• Why does regularization help with overfitting? Why does it help with reducing variance problems?


  • Let's go through the example below to gain some intuition about how it works. Recall that high bias, high variance and that looks something like the image given below.


  • Also given a large and deep neural network.


  • overfitting-regularization-underfitting


  • For this network we have a cost function like J which looks like the equation given below:


  • \( J( w^{[1]}, b^{[1]} , .... , w^{[L]}, b^{[L]}) = \frac{1}{m} \sum_{i=1}^{m} L(\hat{y}^{(i)} , y^{(i)}) \)


  • So what we did for regularization was add this extra term that penalizes the weight matrices from being too large. This term is known as the Frobenius norm (||w^{[l]}||^2_F = \sum_{i=1}^{n^{[l]}} \sum_{i=1}^{n^{[l-1]}} (w_{ij}^{[l]})^2). The final result is given below:


  • \( J( w^{[1]}, b^{[1]} , .... , w^{[L]}, b^{[L]}) = \frac{1}{m} \sum_{i=1}^{m} L(\hat{y}^{(i)} , y^{(i)}) + ( \frac{\lambda}{m} W^{[2]} ) \)


  • So why is it that shrinking the L2 norm or the Frobenius norm or the parameters might cause less overfitting?


  • One intuition is that if you set regularisation parameter - lambda to be big, gradient descent will be really incentivized to set the weight matrices W to be reasonably close to zero.


  • So one piece of intuition is maybe it set the weight to be so close to zero for a lot of hidden units that's basically zeroing out a lot of the impact of these hidden units.
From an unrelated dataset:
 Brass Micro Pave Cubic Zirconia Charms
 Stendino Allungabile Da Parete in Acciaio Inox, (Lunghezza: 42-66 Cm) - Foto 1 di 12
  • And if that's the case, then this much simplified neural network becomes a much smaller neural network as given in figure below.


  • regularized-neural-network


  • And so that will take you from this overfitting case much closer to the high bias case.


  • But hopefully there'll be an intermediate value of lambda that results in a result closer to the just right case.


  • The intuition of completely zeroing out of a bunch of hidden units isn't quite right. It turns out that what actually happens is they'll still use all the hidden units, but each of them would just have a much smaller effect.


  • But you do end up with a simpler network and as if you have a smaller network that is therefore less prone to overfitting.